(DATA FOR REVIEW)

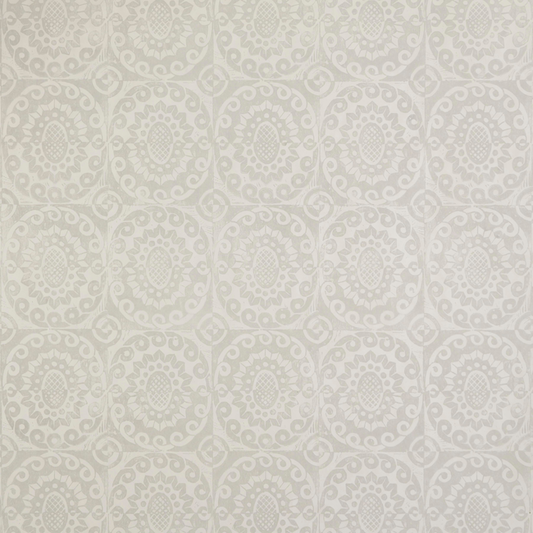 Lee Jofa - Pineapple Wall - Taupe - PBFC-3512.611.0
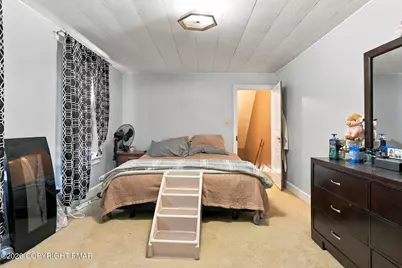  1521 Washington Avenue, Northampton Township, PA 18067 - Photo 33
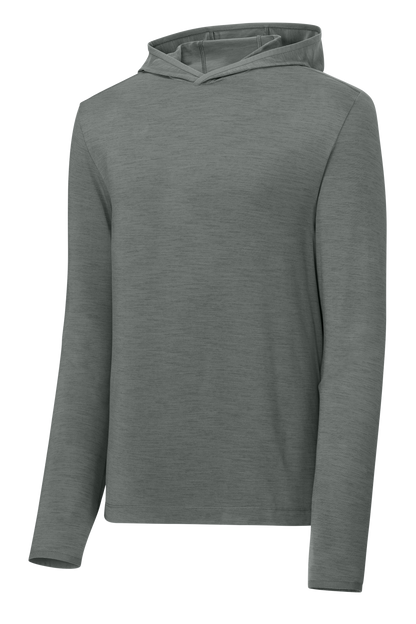 Men's Gators Versa LS Hoodie
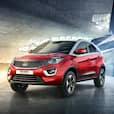 Check out upcoming Tata cars in India in 2017-2018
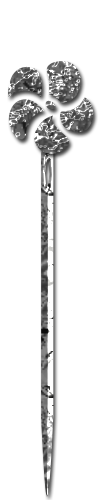 163.png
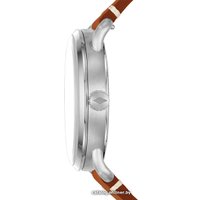 Наручные часы Fossil FS5325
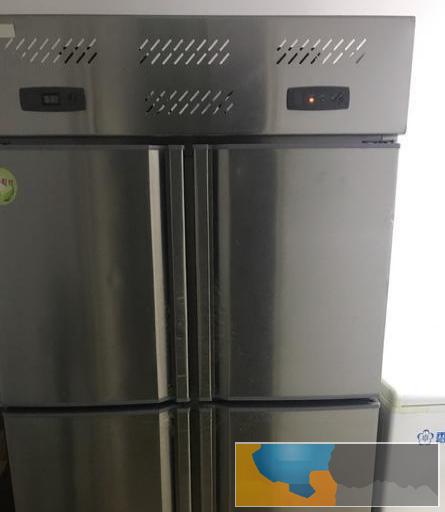 自助餐厅整套设备低价转让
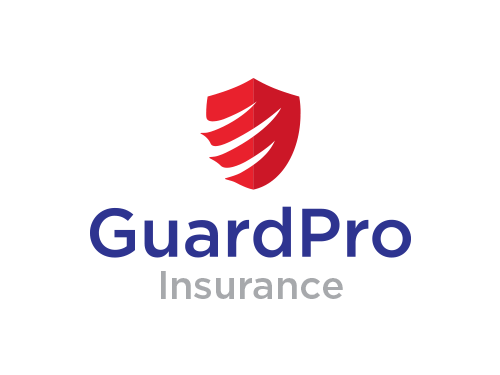GuadPro Logo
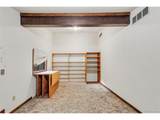 35112 Boulder Canyon Dr - Photo 23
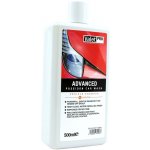 ValetPRO Advanced Poseidon Car Wash 500 ml | Zboží Auto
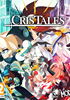 Cris Tales - Switch Cartouche de jeu - Modus Games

(End DATA FOR REVIEW)

_TASK TO CARRY OUT_
Your answer should be the lines above from the one that contains "1521 Washington Avenue, Northampton" through the last, set down exactly, with the pictures removed.

_SOLUTION TO THIS TASK_
  1521 Washington Avenue, Northampton Township, PA 18067 - Photo 33
 Men's Gators Versa LS Hoodie
 Check out upcoming Tata cars in India in 2017-2018
 163.png
 Наручные часы Fossil FS5325
 自助餐厅整套设备低价转让
GuadPro Logo
 35112 Boulder Canyon Dr - Photo 23
 ValetPRO Advanced Poseidon Car Wash 500 ml | Zboží Auto
 Cris Tales - Switch Cartouche de jeu - Modus Games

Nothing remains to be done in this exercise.